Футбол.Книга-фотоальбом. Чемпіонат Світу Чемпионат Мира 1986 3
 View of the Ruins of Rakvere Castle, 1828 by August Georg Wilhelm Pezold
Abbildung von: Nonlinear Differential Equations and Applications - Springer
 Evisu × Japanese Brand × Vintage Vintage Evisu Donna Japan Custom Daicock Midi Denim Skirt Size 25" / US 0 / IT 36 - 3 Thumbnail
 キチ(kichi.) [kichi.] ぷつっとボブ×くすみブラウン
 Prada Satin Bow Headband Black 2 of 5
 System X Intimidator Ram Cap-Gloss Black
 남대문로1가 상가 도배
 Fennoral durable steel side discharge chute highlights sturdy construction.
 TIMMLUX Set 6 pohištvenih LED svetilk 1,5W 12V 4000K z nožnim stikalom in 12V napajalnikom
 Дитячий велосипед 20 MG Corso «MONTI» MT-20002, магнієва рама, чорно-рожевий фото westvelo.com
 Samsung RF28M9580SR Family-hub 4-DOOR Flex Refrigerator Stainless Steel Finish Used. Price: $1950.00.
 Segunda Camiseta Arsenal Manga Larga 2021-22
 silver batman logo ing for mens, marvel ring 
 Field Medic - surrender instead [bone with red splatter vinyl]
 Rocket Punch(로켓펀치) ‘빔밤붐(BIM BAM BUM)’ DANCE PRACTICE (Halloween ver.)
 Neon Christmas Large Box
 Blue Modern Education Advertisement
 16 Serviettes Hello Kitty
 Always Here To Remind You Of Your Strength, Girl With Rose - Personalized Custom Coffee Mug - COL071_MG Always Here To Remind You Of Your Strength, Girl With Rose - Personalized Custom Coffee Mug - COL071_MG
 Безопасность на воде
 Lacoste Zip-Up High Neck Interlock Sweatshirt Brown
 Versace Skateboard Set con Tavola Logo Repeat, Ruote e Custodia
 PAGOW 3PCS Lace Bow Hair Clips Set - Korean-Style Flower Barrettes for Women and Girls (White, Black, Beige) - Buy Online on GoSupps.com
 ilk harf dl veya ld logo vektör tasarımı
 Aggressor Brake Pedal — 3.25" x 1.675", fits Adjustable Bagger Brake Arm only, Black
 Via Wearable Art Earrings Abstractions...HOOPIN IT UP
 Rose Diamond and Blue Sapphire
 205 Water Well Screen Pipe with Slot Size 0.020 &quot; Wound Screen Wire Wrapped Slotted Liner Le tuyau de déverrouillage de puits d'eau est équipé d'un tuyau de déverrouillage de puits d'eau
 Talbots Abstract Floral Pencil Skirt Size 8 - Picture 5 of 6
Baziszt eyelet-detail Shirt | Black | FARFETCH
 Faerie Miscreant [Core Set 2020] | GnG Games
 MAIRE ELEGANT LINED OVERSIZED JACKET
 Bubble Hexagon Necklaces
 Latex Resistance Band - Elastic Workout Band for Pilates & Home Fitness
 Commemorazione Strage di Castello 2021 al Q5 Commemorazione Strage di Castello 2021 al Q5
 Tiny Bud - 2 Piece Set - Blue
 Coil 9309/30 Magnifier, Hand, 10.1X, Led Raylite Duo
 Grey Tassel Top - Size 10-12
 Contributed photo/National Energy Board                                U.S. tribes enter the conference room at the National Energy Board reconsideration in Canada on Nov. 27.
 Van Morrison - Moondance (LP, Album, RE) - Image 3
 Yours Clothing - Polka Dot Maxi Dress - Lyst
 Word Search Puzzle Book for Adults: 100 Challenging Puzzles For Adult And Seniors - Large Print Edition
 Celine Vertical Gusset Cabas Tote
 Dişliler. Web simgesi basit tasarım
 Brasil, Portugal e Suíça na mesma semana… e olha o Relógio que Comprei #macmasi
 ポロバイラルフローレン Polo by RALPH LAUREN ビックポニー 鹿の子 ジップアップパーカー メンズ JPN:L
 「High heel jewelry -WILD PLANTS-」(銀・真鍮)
-------------------------
_Exercise prompt:_ The line containing "Дитячий велосипед 20" marks the end. Please print exactly every line from the top of the data to it, both included, and nothing more.

_Exercise response:_
Футбол.Книга-фотоальбом. Чемпіонат Світу Чемпионат Мира 1986 3
 View of the Ruins of Rakvere Castle, 1828 by August Georg Wilhelm Pezold
Abbildung von: Nonlinear Differential Equations and Applications - Springer
 Evisu × Japanese Brand × Vintage Vintage Evisu Donna Japan Custom Daicock Midi Denim Skirt Size 25" / US 0 / IT 36 - 3 Thumbnail
 キチ(kichi.) [kichi.] ぷつっとボブ×くすみブラウン
 Prada Satin Bow Headband Black 2 of 5
 System X Intimidator Ram Cap-Gloss Black
 남대문로1가 상가 도배
 Fennoral durable steel side discharge chute highlights sturdy construction.
 TIMMLUX Set 6 pohištvenih LED svetilk 1,5W 12V 4000K z nožnim stikalom in 12V napajalnikom
 Дитячий велосипед 20 MG Corso «MONTI» MT-20002, магнієва рама, чорно-рожевий фото westvelo.com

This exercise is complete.